Problem description:
Starting at the line that contains "amd ryzen threadipper", quote every line through the end of the entries, word for word, skipping the pictures.

[Items listed in a dataset]
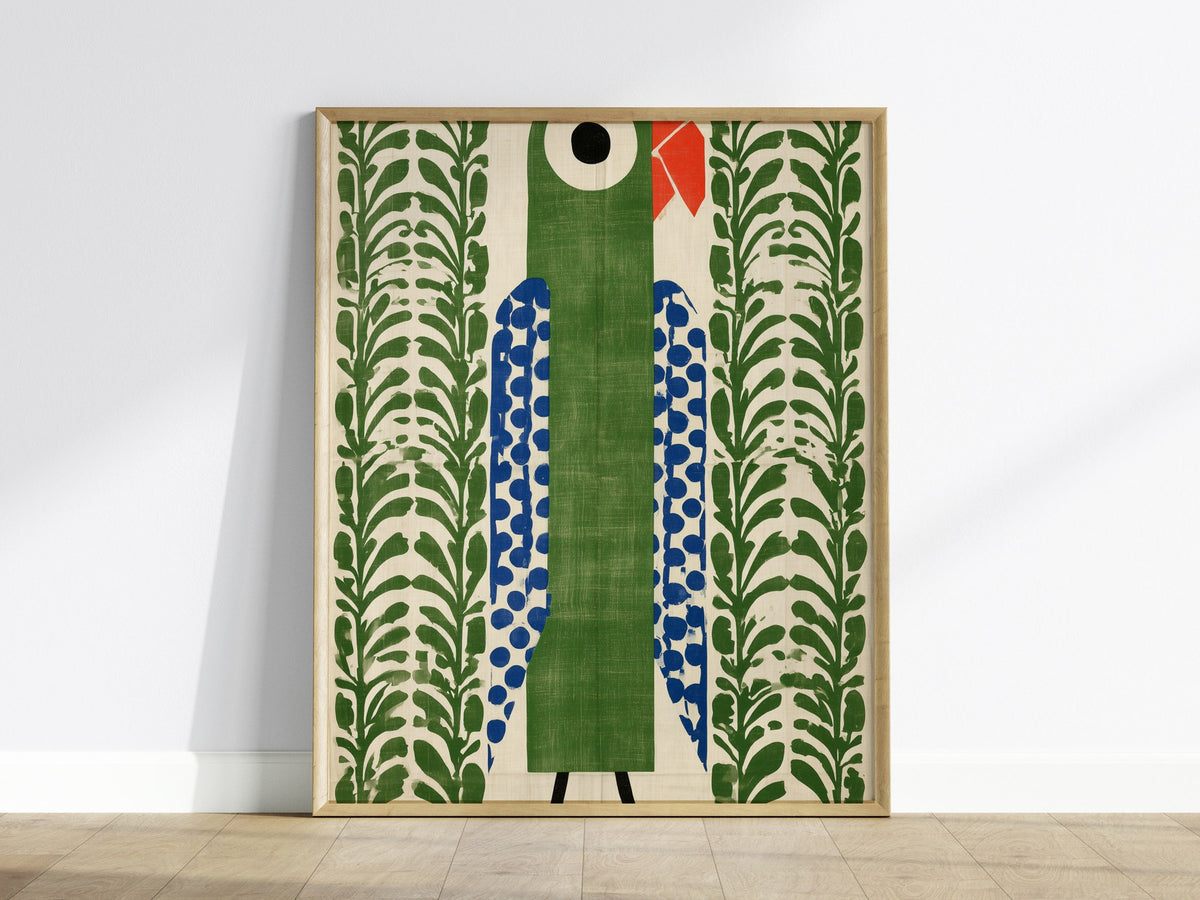 parrot-in-green Poster | Emerald and Jade Flat Design Art Print | Modern Minimal Wall Art — framed print on the wall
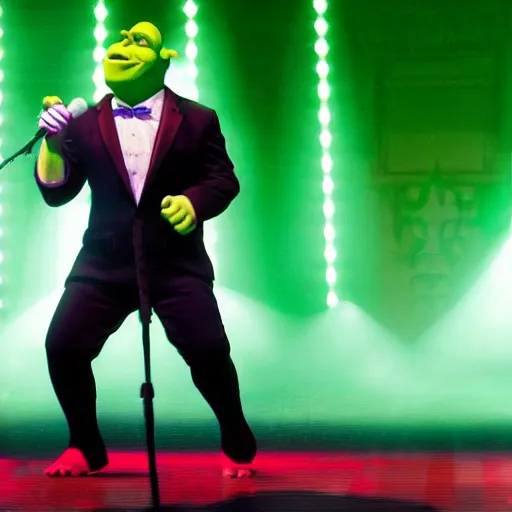 Image similar to Shrek performing Never Gonna Give You Up, singing into a microphone while dancing, black suit, striped shirt, light background, full color photograph, 4k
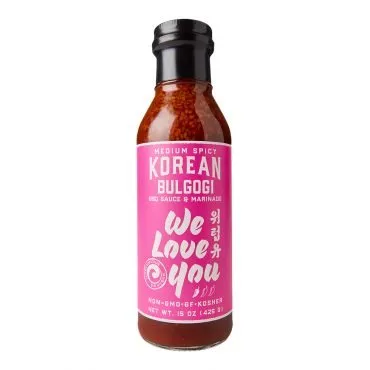 A bottle of Korean bulgogi sauce against a white background.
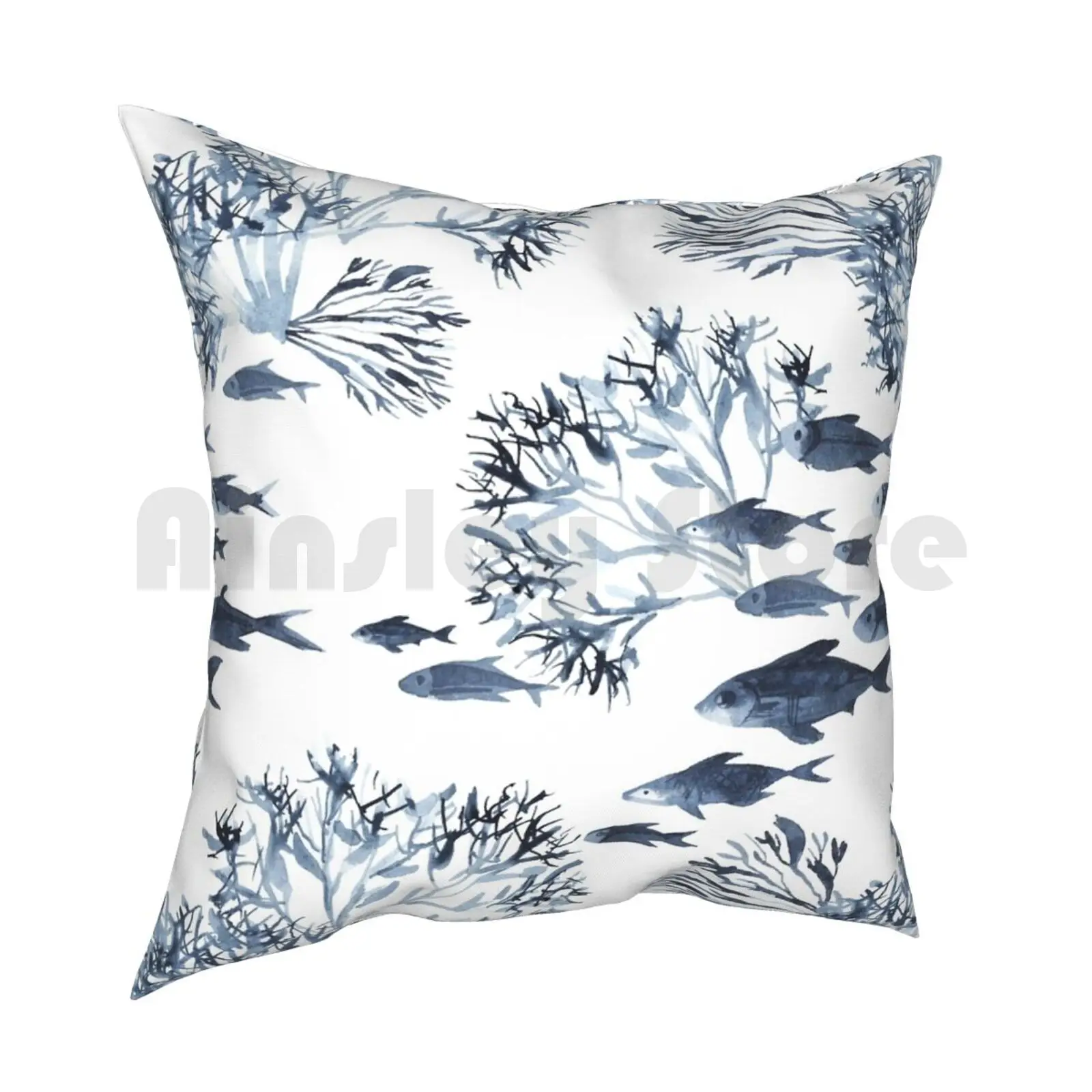 Coral Reef Watercolor Blue Pillow Case Printed Home Soft Throw Pillow Coastal Marine Seahorse Blue Sapphire Seashell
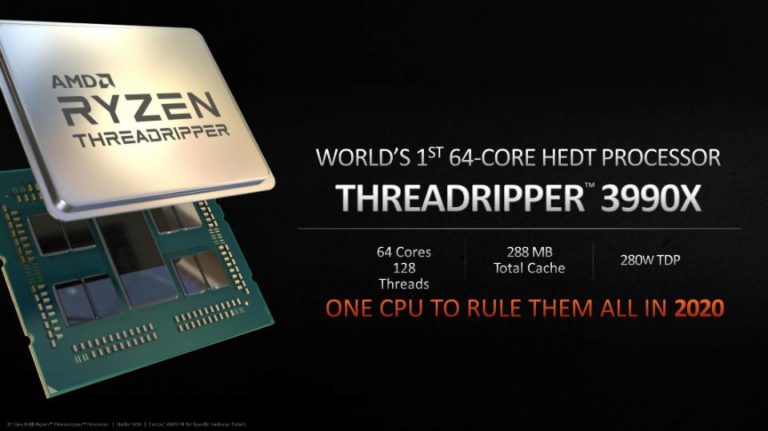 amd ryzen threadipper 3990x 768x431 AMD เตรียมปล่อยซีพียู AMD Ryzen Threadripper 3990X กับจำนวนคอร์ 64C/128T แคสรวม 288 MB ในปีหน้า 2020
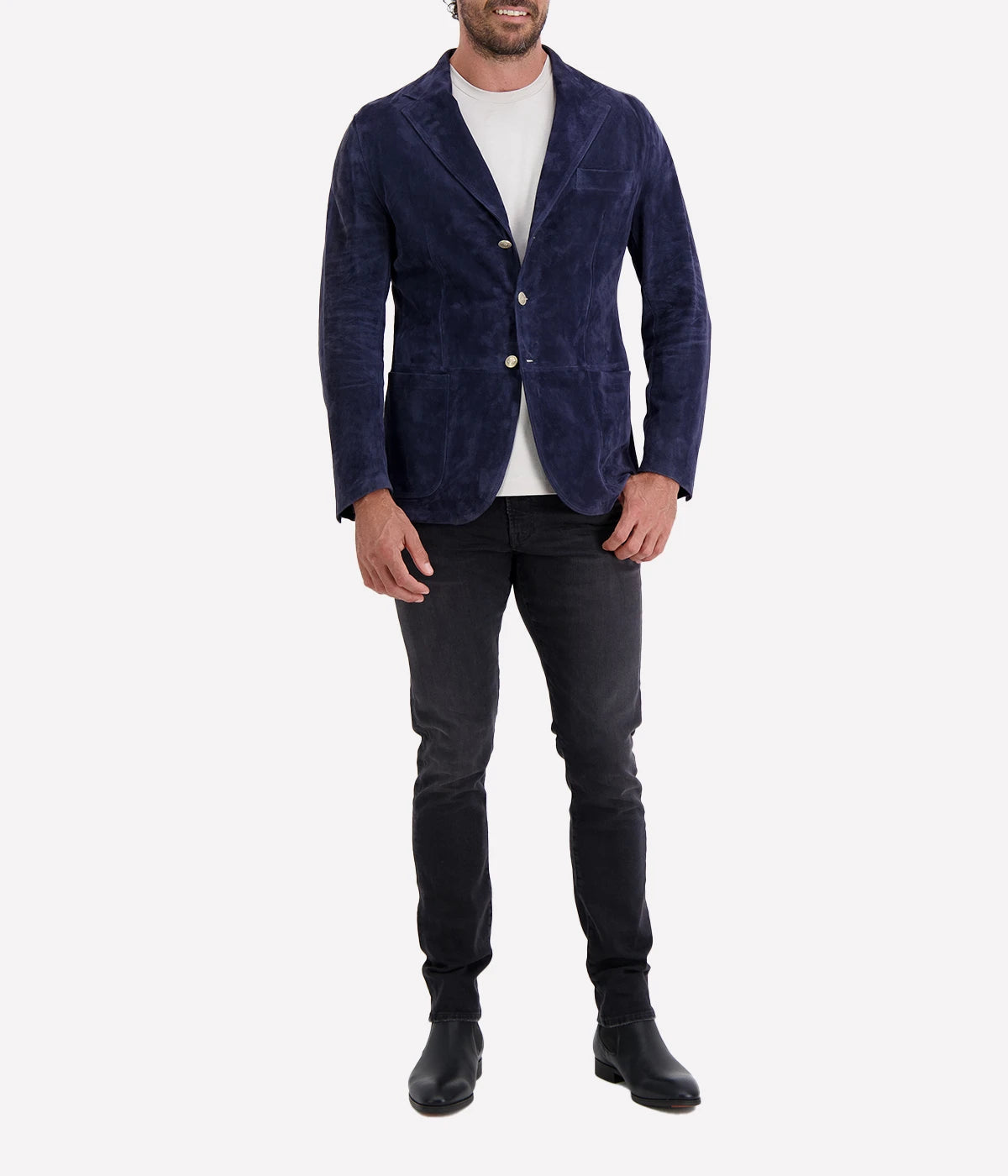 Eleventy Suede Blazer in navy blue, a sophisticated tailored jacket crafted from luxurious suede. Single-breasted design with a tailored fit and a soft, rich texture. Ideal for both casual and dressier occasions. Made in Italy.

The completed task:
 amd ryzen threadipper 3990x 768x431 AMD เตรียมปล่อยซีพียู AMD Ryzen Threadripper 3990X กับจำนวนคอร์ 64C/128T แคสรวม 288 MB ในปีหน้า 2020
 Eleventy Suede Blazer in navy blue, a sophisticated tailored jacket crafted from luxurious suede. Single-breasted design with a tailored fit and a soft, rich texture. Ideal for both casual and dressier occasions. Made in Italy.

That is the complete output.